I'd do the world a favor and send them pollywogs a swimming in the nearest swamp!


----------



## Farmer Kitty

Speaking of pollywogs, that is the best hung steer I've seen out there in our pasture!

I hope no more heifers come in heat in the mean time. It explains why he was fence jumping too. We had a heifer in each pasture in heat and now he has been staying in the little pasture full time. Hopefully, if they settle to him that it's bull calves! Timing might be good to raise one for our use although I wouldn't have choosed to breed them to beef for that. 

Mr. L is going to go get the tranq gun Thursday night and he will be dealt with on Saturday--to far away for me!


----------



## WildRoseBeef

Farmer Kitty said:
			
		

> Speaking of pollywogs, that is the best hung steer I've seen out there in our pasture!
> 
> I hope no more heifers come in heat in the mean time.

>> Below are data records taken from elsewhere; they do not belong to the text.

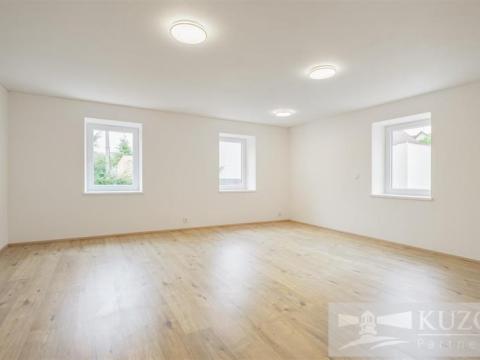 Prodej bytu 3+kk, Líšťany, Hunčice, 77 m2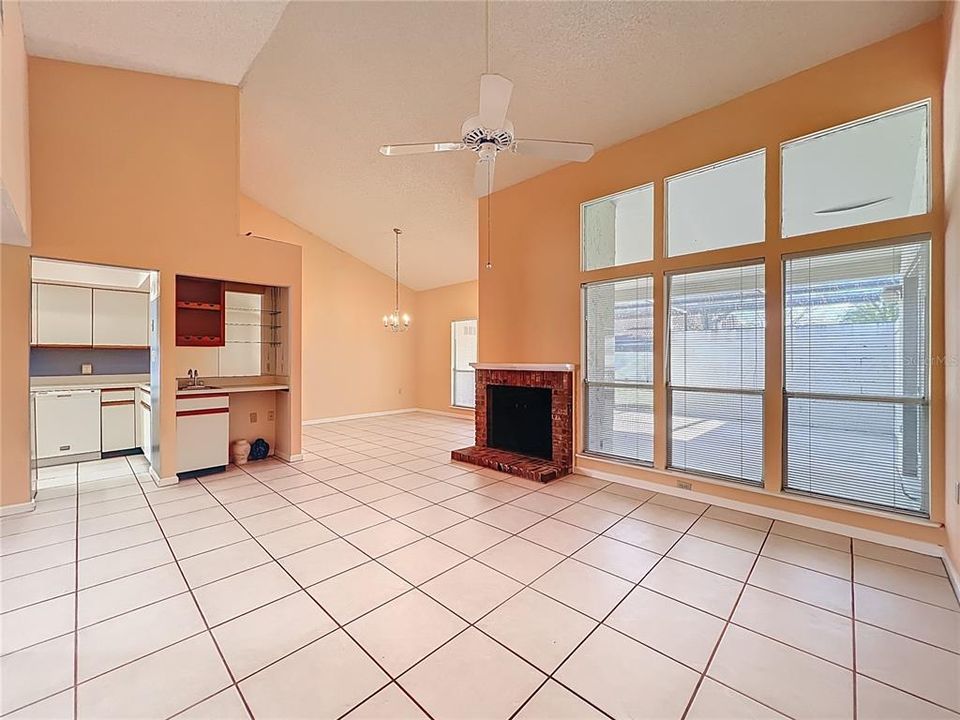 For Sale: $225,000 (3 beds, 2 baths, 1484 Square Feet)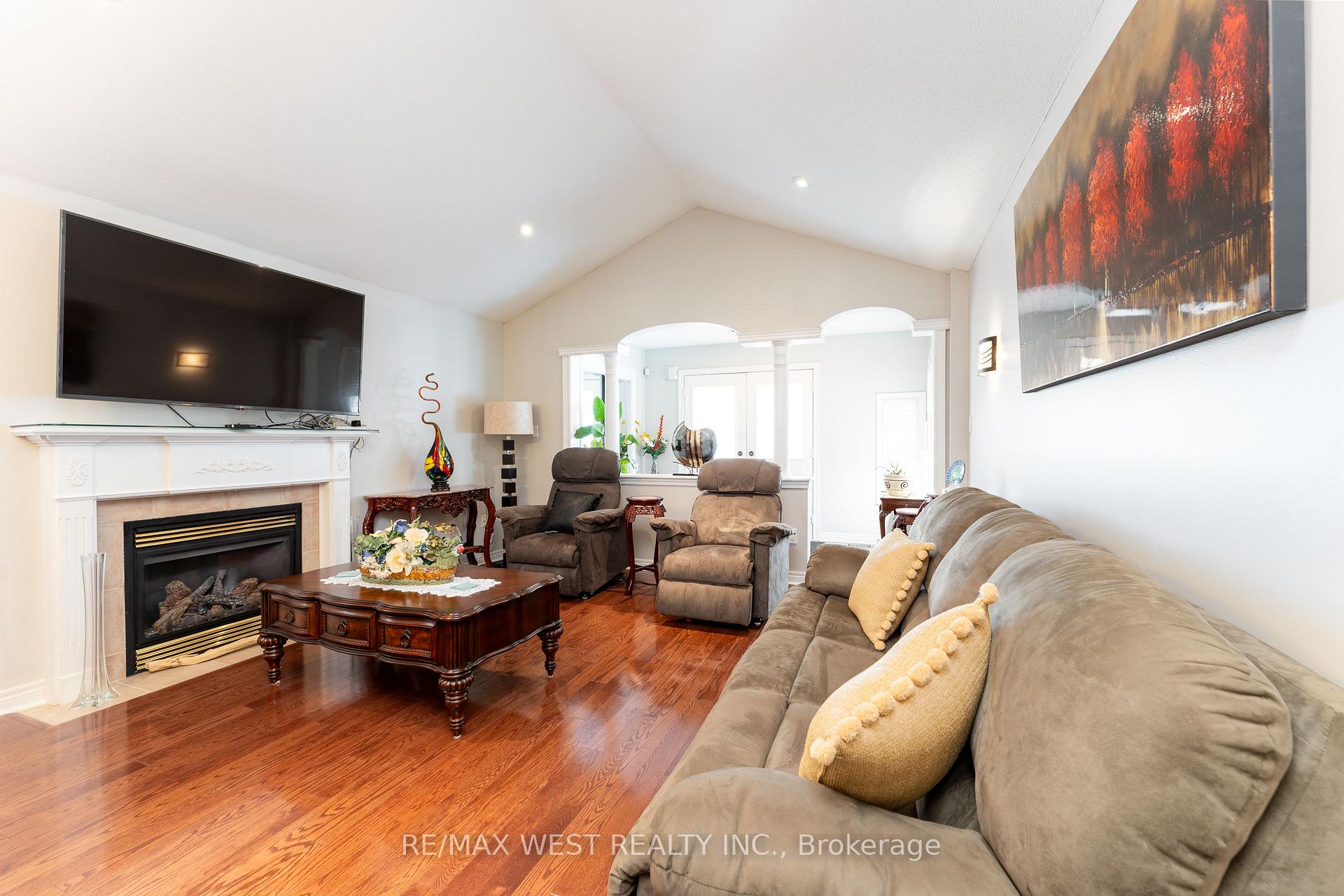 Photo 5 of 38 Napiermews Drive, Ajax, Northwest Ajax — HOMEH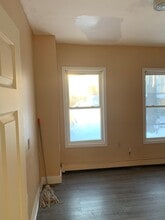 70 Crescent St, Unit 2nd floor in Lawrence, MA - Building Photo - Building Photo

It explains why he was fence jumping too. We had a heifer in each pasture in heat and now he has been staying in the little pasture full time. Hopefully, if *they settle to him that it's bull calves! Timing might be good to raise one for our use although I wouldn't have choosed to breed them to beef for that.*
> 
> Mr. L is going to go get the tranq gun Thursday night and he will be dealt with on Saturday--to far away for me!

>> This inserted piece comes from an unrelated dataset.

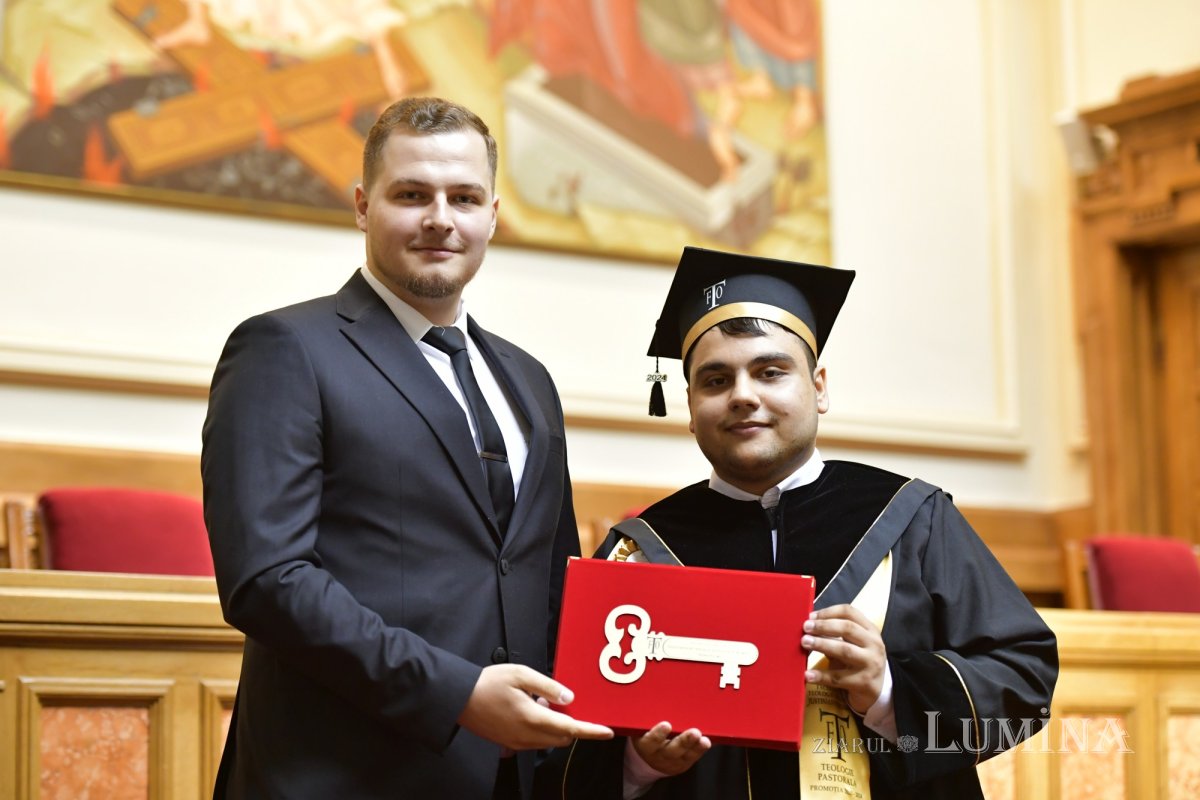 O nouă promoție de studenți teologi bucureșteni a depus jurământul de credință 301405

Wha?????    I thought you said he was a steer?!!


----------



## jhm47

I hope you know which heifers were in heat.  I would save myself a lot of misery and heartache and give these heifers a shot of lutalyse or a similar prostaglandin.  If you allow those heifers to give birth to calves from such a bull, you will likely have a wild eyed replica of him.  

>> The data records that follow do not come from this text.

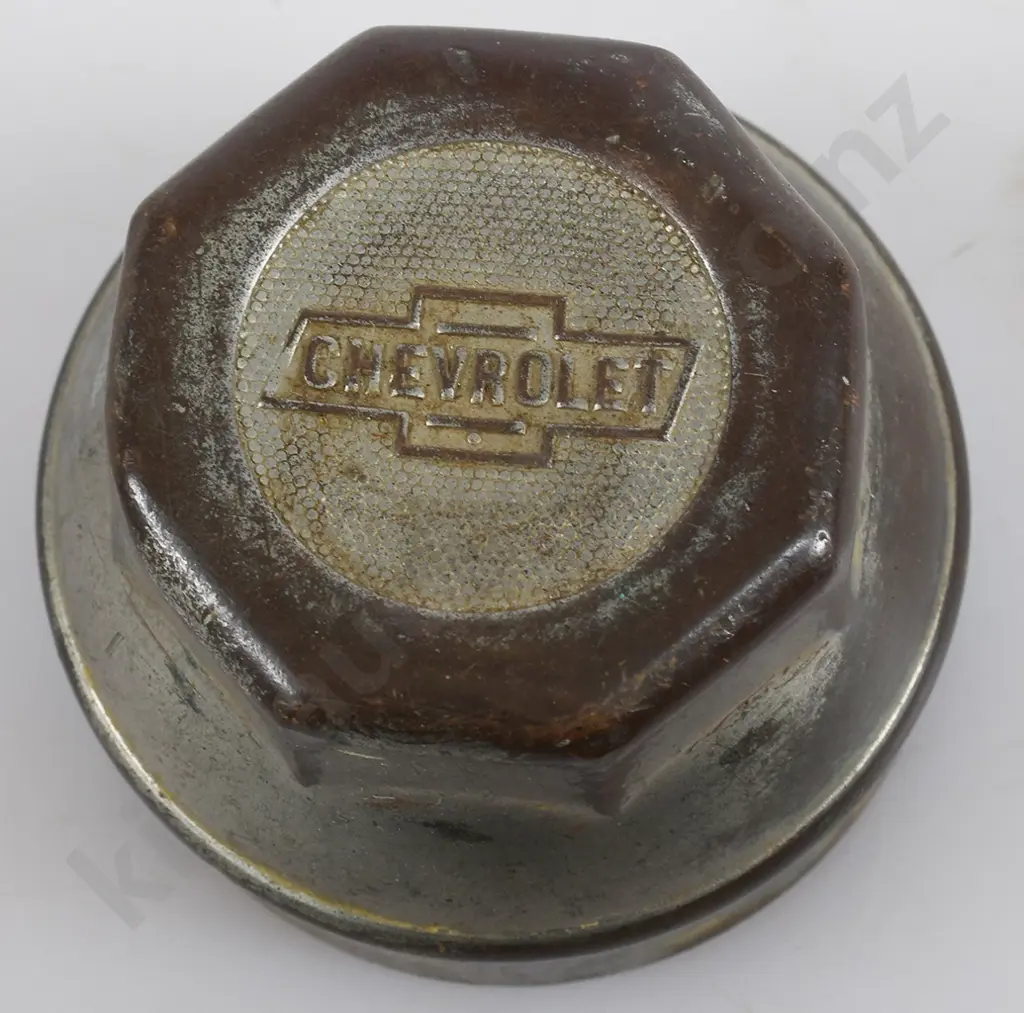 ASSORTED MOTORING HUB AND OTHER CAPS Image 1++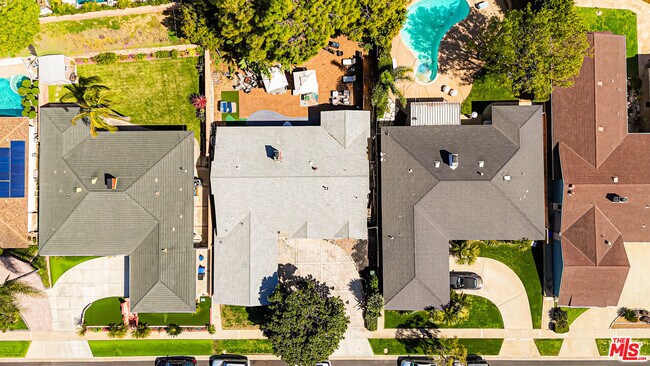 Building Photo - 5604 Shenandoah Ave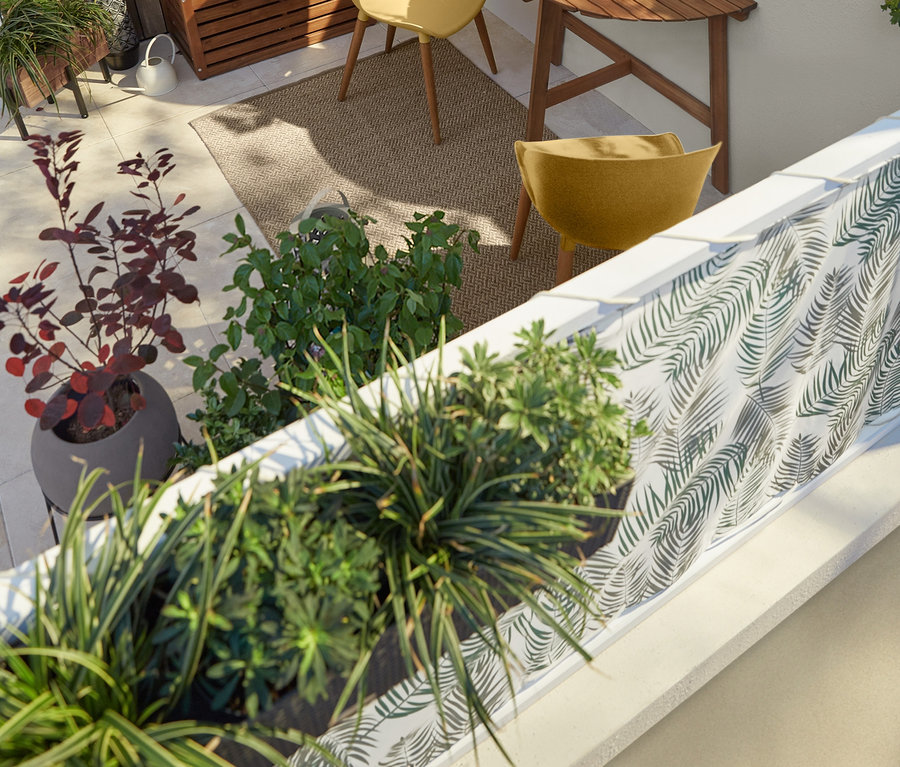 Einrichtung eines Balkons mit zwei gelben Garten-Schalenstühlen, einem Balkon-Klapptisch, 3 Blumenkästen mit Gestell, einer Balkon-Sichtschutzbank und einer LED-Filament-Outdoor-Lichterkette.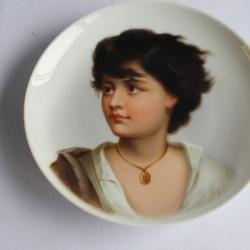 Coupelle porcelaine jeune femme Suisse XIXe siècle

Be sure to wait at least 2 weeks though.  If you give the shot sooner, it will not work.  You need to wait till the embryo has implanted to the uterine wall before the lute will work.


----------



## Farmer Kitty

WildRoseBeef said:
			
		

> Farmer Kitty said:
> 
> 
> 
> 
> Speaking of pollywogs, that is the best hung steer I've seen out there in our pasture!
> 
> I hope no more heifers come in heat in the mean time. It explains why he was fence jumping too. We had a heifer in each pasture in heat and now he has been staying in the little pasture full time. Hopefully, if *they settle to him that it's bull calves! Timing might be good to raise one for our use although I wouldn't have choosed to breed them to beef for that.*
> 
> Mr. L is going to go get the tranq gun Thursday night and he will be dealt with on Saturday--to far away for me!
> 
> 
> 
> Wha?????    I thought you said he was a steer?!!
Click to expand...

That's what I had been assured. Never was able to confirm/unconfirm it until last night. I had first thought he looked like a bull but, was told no. :/ DH had seen the sack before then but, his buddy said he was cut as a calf so, he believes him. Anyone hear of the sack still growing afterwards?


----------



## Farmer Kitty

jhm47 said:
			
		

> I hope you know which heifers were in heat.  I would save myself a lot of misery and heartache and give these heifers a shot of lutalyse or a similar prostaglandin.  If you allow those heifers to give birth to calves from such a bull, you will likely have a wild eyed replica of him.
> 
> Be sure to wait at least 2 weeks though.  If you give the shot sooner, it will not work.  You need to wait till the embryo has implanted to the uterine wall before the lute will work.


I don't know which  ones. I could never get a good look at them and with him out there I couldn't go out and see-which is why the one wasn't brought in to be bred. :/

Just more reason to add to my fustration level of his being here.


----------



## Kute Kitten

That bull is driving me crazy! I hope Mr.L. will come and get his bull tonight, not Saturday!


----------



## Farmer Kitty

Kute Kitten said:
			
		

> That bull is driving me crazy! I hope Mr.L. will come and get his bull tonight, not Saturday!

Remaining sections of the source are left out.